Problem to work on
All lines after the one containing "Fantastischer Sonnenunter auf", together with that line itself, should be written out exactly, down to the last line of the entries below.

Task material START

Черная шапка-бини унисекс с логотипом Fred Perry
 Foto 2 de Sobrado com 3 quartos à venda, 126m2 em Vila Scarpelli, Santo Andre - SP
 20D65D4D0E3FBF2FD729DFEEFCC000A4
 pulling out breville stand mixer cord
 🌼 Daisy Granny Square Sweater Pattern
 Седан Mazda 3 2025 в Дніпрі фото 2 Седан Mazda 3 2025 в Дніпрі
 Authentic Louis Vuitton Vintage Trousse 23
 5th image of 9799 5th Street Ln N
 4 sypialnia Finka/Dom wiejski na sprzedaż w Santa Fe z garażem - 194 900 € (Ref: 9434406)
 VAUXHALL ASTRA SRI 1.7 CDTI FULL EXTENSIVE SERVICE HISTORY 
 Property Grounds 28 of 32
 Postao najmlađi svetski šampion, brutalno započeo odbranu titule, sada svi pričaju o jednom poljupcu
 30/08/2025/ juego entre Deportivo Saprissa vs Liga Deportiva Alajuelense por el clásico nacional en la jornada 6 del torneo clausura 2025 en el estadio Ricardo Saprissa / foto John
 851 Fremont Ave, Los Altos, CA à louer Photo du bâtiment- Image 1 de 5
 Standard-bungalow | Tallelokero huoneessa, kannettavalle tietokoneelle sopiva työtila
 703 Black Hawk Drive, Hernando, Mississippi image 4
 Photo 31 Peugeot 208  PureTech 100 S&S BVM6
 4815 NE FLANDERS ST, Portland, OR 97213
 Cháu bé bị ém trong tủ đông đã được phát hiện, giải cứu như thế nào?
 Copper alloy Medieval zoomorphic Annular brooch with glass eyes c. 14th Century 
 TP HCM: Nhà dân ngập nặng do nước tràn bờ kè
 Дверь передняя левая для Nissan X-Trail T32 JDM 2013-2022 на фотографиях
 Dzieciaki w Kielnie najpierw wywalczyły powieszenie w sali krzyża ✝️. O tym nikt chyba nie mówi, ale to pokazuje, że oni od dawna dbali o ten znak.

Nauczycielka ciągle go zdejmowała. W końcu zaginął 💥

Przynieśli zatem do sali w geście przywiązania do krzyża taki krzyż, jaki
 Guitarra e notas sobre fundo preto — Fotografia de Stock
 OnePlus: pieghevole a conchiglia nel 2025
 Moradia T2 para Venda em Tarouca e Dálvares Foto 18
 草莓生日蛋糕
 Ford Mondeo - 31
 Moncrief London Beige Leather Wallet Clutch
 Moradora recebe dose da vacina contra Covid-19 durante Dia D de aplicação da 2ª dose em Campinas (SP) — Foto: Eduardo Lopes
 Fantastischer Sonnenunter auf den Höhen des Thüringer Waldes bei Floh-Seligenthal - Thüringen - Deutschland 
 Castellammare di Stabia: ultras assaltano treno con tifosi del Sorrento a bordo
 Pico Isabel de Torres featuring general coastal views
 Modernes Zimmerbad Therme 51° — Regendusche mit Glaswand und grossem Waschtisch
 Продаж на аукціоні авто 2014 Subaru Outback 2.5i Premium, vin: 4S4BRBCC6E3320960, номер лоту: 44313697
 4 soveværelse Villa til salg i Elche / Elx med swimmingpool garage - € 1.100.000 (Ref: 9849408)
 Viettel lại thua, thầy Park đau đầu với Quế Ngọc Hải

Task material END

Exercise solution
 Fantastischer Sonnenunter auf den Höhen des Thüringer Waldes bei Floh-Seligenthal - Thüringen - Deutschland 
 Castellammare di Stabia: ultras assaltano treno con tifosi del Sorrento a bordo
 Pico Isabel de Torres featuring general coastal views
 Modernes Zimmerbad Therme 51° — Regendusche mit Glaswand und grossem Waschtisch
 Продаж на аукціоні авто 2014 Subaru Outback 2.5i Premium, vin: 4S4BRBCC6E3320960, номер лоту: 44313697
 4 soveværelse Villa til salg i Elche / Elx med swimmingpool garage - € 1.100.000 (Ref: 9849408)
 Viettel lại thua, thầy Park đau đầu với Quế Ngọc Hải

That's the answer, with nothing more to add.